Safety on Nocturnal Home Haemodialysis
Safety on NHHD is a key issue
The commonest NHHD question from patients … and their greatest anxiety is …
“How can I be sure that I will be safe
while sleeping through the night while on dialysis?”
The most important answers to this question include:
1. Training procedures – especially regarding needle fixation techniques
2. Monitoring equipment – especially of blood or machine leakage
3. Technical support – both during dialysis and for machine malfunction
First … Home-based therapy, is it new?
Home-based, daytime, 4hr conventional haemodialysis (HD) has been common, especially in Australia, New Zealand and Canada, for >40 yrs.
It also was common in the US in earlier years and remains strongly supported in some US regions with Seattle WA,, Lincoln NE, Lynchburg WV and upper New York State being just a few of the major home-friendly haemodialysis centres
The experience of these and other centres in home-based, daytime HD has shown home haemodialysis is both safe and, as all data confirms, as superior
Dialysis at home? – I will never be able to do that!

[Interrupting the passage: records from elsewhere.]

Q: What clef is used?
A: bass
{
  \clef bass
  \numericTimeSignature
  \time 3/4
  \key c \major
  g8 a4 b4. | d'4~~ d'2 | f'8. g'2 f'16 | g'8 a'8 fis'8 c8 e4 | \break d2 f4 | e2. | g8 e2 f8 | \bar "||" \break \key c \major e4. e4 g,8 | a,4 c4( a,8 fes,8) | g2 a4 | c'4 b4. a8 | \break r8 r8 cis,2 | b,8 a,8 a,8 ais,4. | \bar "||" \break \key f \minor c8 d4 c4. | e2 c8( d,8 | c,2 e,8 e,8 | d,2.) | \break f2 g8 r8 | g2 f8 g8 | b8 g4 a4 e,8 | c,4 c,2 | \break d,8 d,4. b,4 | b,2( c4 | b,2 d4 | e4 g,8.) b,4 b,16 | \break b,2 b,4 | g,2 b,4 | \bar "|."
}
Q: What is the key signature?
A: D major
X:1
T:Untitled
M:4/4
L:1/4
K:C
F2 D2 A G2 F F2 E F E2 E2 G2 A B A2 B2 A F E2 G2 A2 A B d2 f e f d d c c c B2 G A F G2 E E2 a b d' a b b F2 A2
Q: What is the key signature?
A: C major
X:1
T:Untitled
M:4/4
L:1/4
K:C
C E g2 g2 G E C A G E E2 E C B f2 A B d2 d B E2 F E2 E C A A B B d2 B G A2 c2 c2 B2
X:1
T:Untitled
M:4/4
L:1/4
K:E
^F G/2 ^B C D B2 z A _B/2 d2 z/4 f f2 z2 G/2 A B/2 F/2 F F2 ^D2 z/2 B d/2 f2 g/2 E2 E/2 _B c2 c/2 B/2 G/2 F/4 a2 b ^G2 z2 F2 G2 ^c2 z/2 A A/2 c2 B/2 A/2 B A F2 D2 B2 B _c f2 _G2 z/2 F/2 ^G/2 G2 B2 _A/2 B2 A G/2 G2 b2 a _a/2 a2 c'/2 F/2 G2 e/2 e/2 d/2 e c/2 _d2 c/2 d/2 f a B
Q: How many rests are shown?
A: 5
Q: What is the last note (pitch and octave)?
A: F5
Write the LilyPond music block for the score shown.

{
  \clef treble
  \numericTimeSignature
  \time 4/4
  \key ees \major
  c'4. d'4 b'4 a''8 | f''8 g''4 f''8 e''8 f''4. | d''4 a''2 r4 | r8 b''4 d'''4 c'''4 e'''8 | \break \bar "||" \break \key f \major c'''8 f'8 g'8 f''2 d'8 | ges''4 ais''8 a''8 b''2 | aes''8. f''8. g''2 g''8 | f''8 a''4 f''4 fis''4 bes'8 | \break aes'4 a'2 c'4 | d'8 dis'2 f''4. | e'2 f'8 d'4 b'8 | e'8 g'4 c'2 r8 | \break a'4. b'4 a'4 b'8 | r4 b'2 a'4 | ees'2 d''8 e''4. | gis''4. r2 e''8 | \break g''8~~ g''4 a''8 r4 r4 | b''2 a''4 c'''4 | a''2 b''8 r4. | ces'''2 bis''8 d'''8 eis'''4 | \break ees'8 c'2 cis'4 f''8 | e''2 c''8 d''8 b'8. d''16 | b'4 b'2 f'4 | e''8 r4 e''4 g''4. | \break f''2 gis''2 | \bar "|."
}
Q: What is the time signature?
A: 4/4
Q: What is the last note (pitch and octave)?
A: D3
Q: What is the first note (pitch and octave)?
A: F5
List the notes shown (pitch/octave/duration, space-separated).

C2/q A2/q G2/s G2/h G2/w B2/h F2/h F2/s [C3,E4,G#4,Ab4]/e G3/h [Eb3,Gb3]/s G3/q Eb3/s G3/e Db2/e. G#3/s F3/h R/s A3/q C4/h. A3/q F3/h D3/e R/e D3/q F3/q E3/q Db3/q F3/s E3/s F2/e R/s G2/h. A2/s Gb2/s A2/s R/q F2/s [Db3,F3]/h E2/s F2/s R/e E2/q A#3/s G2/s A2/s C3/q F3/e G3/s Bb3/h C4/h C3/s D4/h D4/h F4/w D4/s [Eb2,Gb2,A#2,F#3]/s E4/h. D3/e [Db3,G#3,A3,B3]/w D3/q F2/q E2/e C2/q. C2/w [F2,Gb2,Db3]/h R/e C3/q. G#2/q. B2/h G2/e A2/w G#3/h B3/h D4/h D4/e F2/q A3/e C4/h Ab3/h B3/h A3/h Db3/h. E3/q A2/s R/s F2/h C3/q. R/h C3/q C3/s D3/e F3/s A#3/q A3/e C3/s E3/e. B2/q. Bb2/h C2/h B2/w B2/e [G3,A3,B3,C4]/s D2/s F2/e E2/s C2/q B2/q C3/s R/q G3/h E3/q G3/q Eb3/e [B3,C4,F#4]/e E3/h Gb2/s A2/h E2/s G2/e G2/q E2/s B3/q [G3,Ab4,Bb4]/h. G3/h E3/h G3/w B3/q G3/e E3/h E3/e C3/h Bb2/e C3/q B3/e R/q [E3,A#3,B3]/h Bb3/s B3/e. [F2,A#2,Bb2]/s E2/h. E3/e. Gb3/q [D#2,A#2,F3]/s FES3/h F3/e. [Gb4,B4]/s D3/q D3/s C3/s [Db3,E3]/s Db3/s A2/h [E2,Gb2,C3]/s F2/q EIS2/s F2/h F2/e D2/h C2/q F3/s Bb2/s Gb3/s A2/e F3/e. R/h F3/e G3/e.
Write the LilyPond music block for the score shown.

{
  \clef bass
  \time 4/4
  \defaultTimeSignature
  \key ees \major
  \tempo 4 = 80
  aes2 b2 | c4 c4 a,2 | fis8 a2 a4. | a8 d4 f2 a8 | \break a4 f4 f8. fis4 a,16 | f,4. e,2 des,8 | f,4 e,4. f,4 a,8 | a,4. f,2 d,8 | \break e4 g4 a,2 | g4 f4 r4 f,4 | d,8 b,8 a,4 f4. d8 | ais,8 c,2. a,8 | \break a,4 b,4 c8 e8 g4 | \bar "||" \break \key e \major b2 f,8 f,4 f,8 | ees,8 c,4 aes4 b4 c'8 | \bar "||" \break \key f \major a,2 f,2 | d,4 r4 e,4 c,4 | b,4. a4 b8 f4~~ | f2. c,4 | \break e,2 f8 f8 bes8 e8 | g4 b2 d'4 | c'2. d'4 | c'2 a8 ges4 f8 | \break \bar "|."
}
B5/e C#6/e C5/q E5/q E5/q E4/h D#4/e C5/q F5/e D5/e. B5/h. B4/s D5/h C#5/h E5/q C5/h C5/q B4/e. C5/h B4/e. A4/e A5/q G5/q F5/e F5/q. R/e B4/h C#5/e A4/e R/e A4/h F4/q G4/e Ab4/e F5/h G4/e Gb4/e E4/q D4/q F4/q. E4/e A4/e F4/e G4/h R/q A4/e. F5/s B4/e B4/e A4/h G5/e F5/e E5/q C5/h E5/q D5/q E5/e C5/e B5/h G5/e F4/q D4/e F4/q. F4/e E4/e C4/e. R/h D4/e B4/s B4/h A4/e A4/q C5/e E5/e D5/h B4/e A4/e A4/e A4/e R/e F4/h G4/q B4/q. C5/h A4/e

Just imagine climbing into the driving seat of a car … for the very first time. You will be confronted by …
A round-rimmed wheel
Rows of dials and switches
Pedals on the floor and levels at your side
Lights that flash and dials that twitch and beep
But … right now, out in your garage, there is probably a car that you drive with certainty and ease. Why? … because you have learned to do so, you have done it repeatedly for years and you are comfortable doing so.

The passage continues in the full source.